# What the task requires:
When the line containing "Aerial view of" appears in the data below, begin copying there and stop only after the line containing "DIY Paper Bag".

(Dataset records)
• • • • • • •
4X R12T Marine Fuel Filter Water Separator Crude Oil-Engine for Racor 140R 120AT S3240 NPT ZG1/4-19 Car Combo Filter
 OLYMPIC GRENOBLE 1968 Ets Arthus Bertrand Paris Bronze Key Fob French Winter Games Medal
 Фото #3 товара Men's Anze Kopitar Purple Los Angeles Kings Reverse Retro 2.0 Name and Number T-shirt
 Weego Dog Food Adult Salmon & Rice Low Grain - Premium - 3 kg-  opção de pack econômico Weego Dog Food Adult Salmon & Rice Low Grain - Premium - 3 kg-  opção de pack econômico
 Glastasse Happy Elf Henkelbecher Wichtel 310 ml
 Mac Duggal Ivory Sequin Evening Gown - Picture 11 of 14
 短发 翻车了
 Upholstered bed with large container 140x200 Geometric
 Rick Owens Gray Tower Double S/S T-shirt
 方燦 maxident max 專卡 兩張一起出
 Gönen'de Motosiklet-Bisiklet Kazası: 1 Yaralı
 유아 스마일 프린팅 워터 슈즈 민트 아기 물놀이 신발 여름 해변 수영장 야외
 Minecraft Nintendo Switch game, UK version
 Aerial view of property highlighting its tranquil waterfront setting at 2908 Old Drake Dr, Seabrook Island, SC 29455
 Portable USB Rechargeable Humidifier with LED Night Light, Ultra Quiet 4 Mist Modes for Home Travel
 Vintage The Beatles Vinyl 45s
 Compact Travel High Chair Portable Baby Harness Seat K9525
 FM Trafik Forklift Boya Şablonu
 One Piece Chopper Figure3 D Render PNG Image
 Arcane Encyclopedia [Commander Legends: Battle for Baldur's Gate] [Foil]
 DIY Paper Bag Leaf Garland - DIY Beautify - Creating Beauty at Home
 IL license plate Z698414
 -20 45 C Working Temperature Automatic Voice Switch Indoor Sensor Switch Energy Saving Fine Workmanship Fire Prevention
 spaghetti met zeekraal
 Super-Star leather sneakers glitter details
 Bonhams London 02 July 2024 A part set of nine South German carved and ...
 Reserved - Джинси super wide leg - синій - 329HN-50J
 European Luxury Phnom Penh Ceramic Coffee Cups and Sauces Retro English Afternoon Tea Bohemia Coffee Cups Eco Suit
• • • • • • •
# Solution for this exercise:
 Aerial view of property highlighting its tranquil waterfront setting at 2908 Old Drake Dr, Seabrook Island, SC 29455
 Portable USB Rechargeable Humidifier with LED Night Light, Ultra Quiet 4 Mist Modes for Home Travel
 Vintage The Beatles Vinyl 45s
 Compact Travel High Chair Portable Baby Harness Seat K9525
 FM Trafik Forklift Boya Şablonu
 One Piece Chopper Figure3 D Render PNG Image
 Arcane Encyclopedia [Commander Legends: Battle for Baldur's Gate] [Foil]
 DIY Paper Bag Leaf Garland - DIY Beautify - Creating Beauty at Home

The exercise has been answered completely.